§ **PROBLEM TO WORK ON**: Your answer must restate the listing below word for word and contain no images.

━━━ MATERIAL FOR THIS TASK

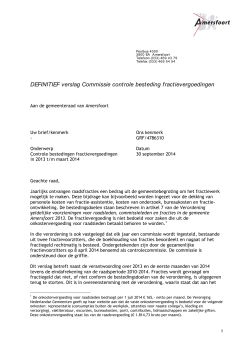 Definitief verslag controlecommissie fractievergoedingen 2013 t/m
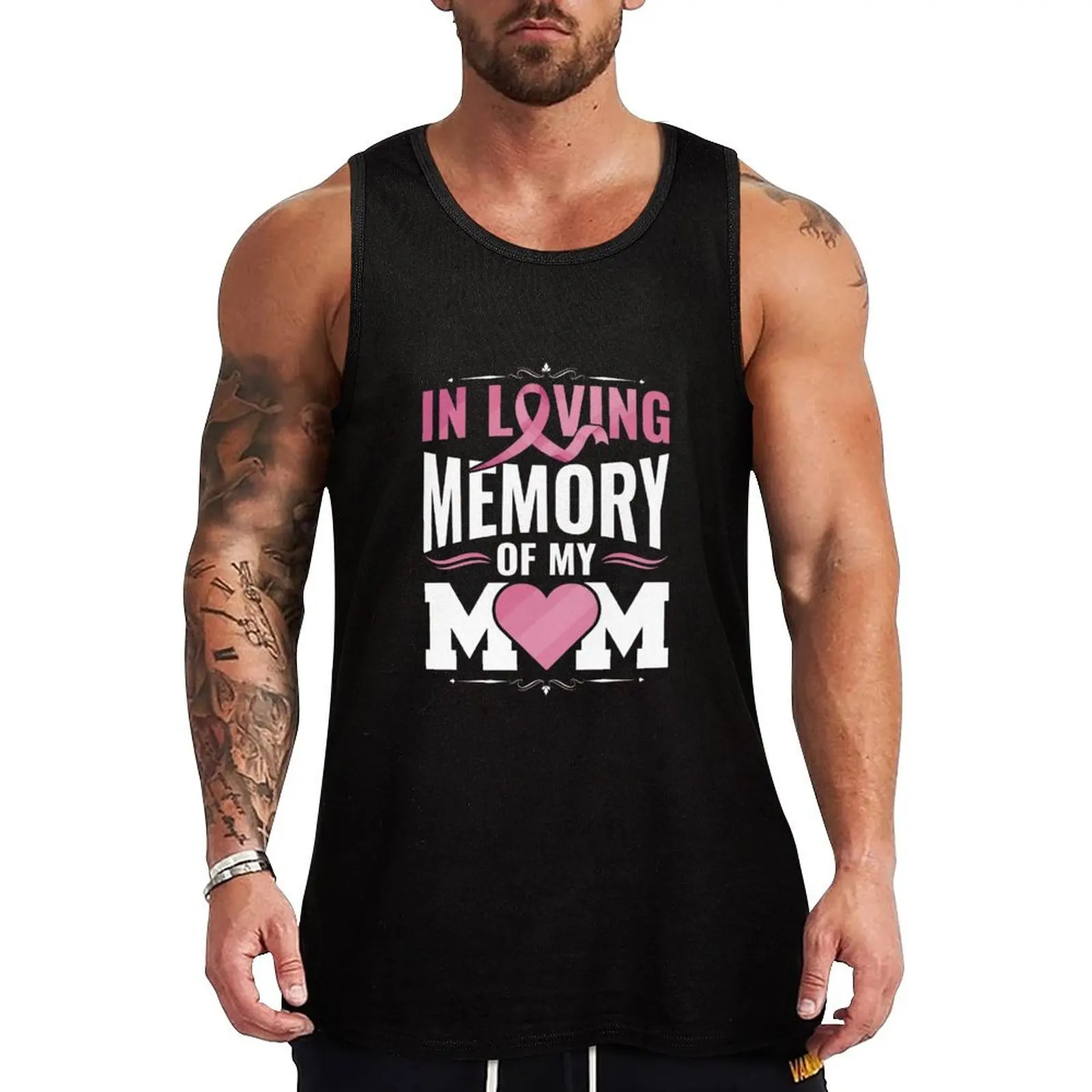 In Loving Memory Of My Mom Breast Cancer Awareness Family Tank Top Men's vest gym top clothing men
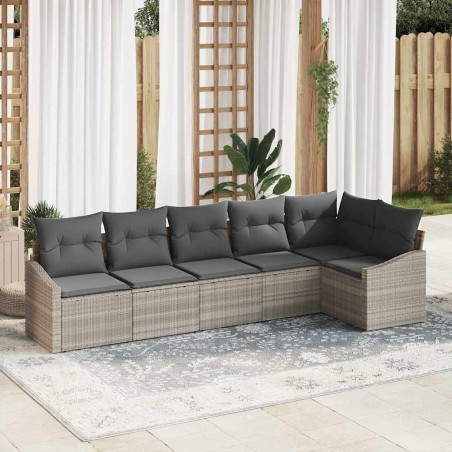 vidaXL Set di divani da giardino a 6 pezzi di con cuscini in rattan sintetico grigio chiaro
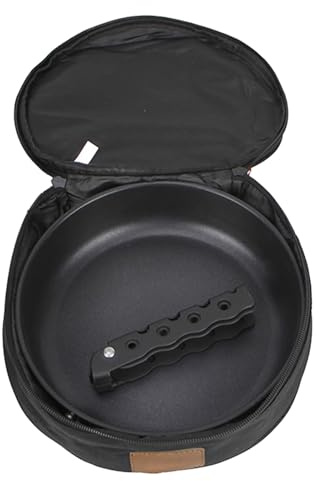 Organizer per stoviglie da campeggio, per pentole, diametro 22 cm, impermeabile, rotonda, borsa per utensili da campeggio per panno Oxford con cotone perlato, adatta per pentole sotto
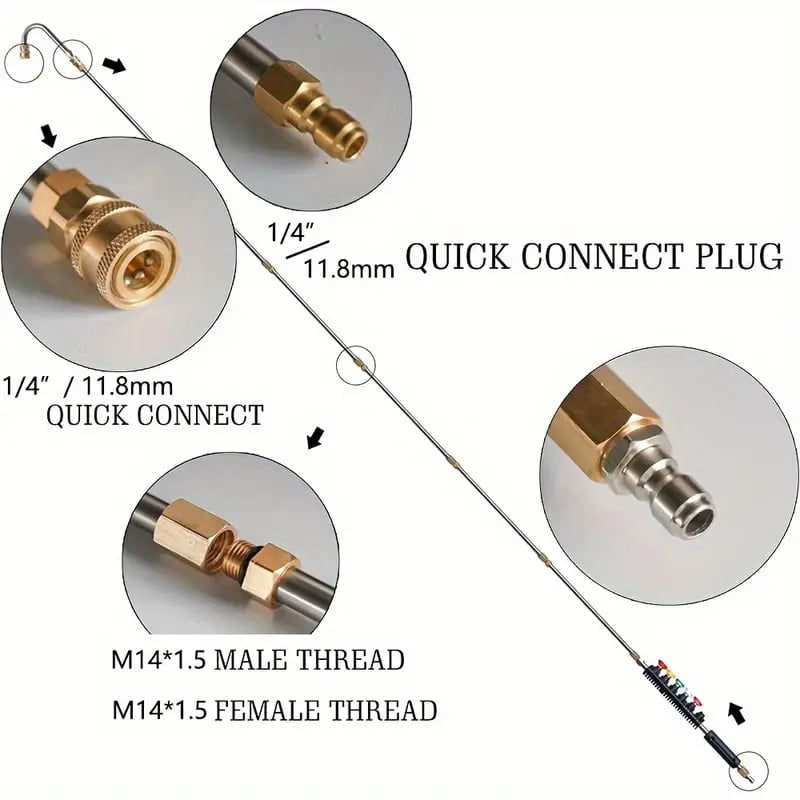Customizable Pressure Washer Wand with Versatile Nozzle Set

━━━━━━

§ **TASK SOLUTION**:
 Definitief verslag controlecommissie fractievergoedingen 2013 t/m
 In Loving Memory Of My Mom Breast Cancer Awareness Family Tank Top Men's vest gym top clothing men
 vidaXL Set di divani da giardino a 6 pezzi di con cuscini in rattan sintetico grigio chiaro
 Organizer per stoviglie da campeggio, per pentole, diametro 22 cm, impermeabile, rotonda, borsa per utensili da campeggio per panno Oxford con cotone perlato, adatta per pentole sotto
Customizable Pressure Washer Wand with Versatile Nozzle Set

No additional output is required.